BEGIN Stored data
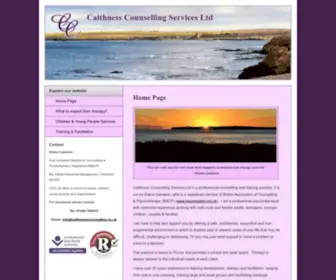 Caithnesscounselling.co.uk(Caithness Counselling Services Ltd) Screenshot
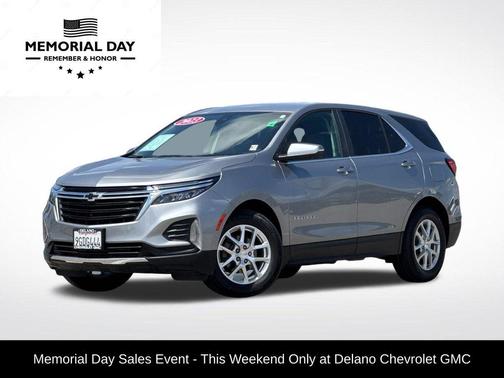 Sterling Gray Metallic 2023 Chevrolet Equinox 1LT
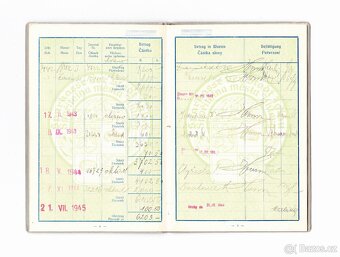 Staré československé dokumenty - 7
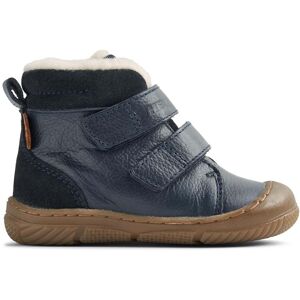 Wheat Sko Wheat Snug Tex vintersko til baby, Navy (24) 24 Wheat Sko Wheat Snug Tex vintersko til baby, Navy (24) 24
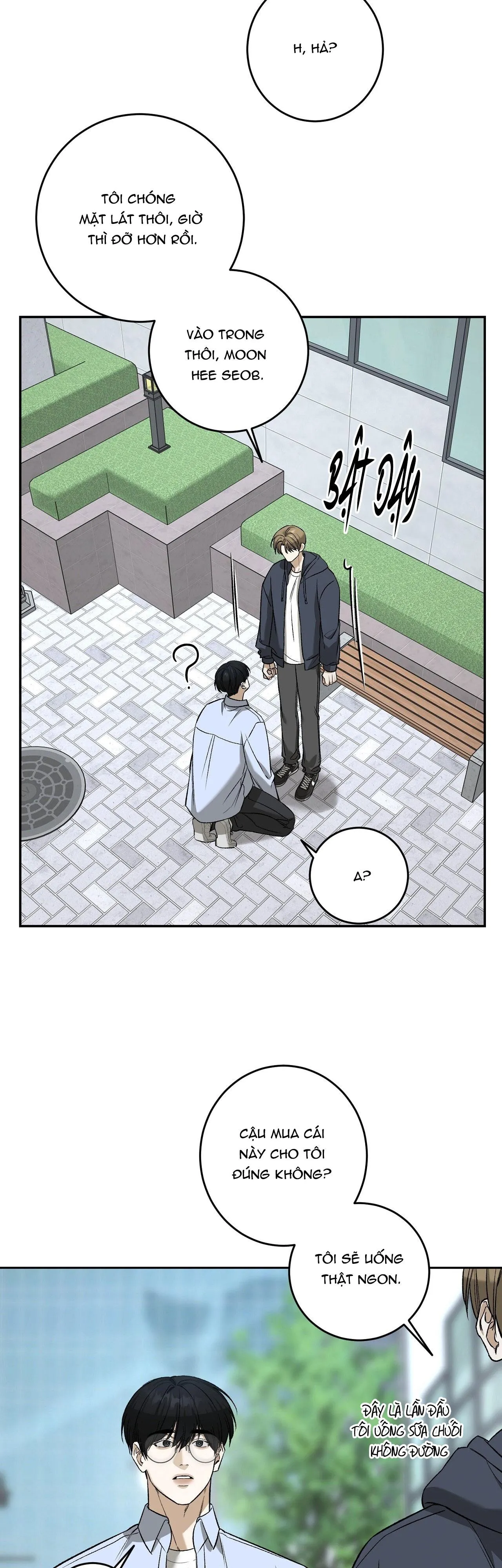 NGƯỜI ĐÀN ÔNG CHO EM TẤT CẢ Chapter 30 Trang 35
END Stored data
### Task instructions
Go to the line with "Staré československé dokumenty - 7" in the entries above. Reproduce that line and each one after it to the end, exactly and without the pictures.

### Problem solution
 Staré československé dokumenty - 7
 Wheat Sko Wheat Snug Tex vintersko til baby, Navy (24) 24 Wheat Sko Wheat Snug Tex vintersko til baby, Navy (24) 24
 NGƯỜI ĐÀN ÔNG CHO EM TẤT CẢ Chapter 30 Trang 35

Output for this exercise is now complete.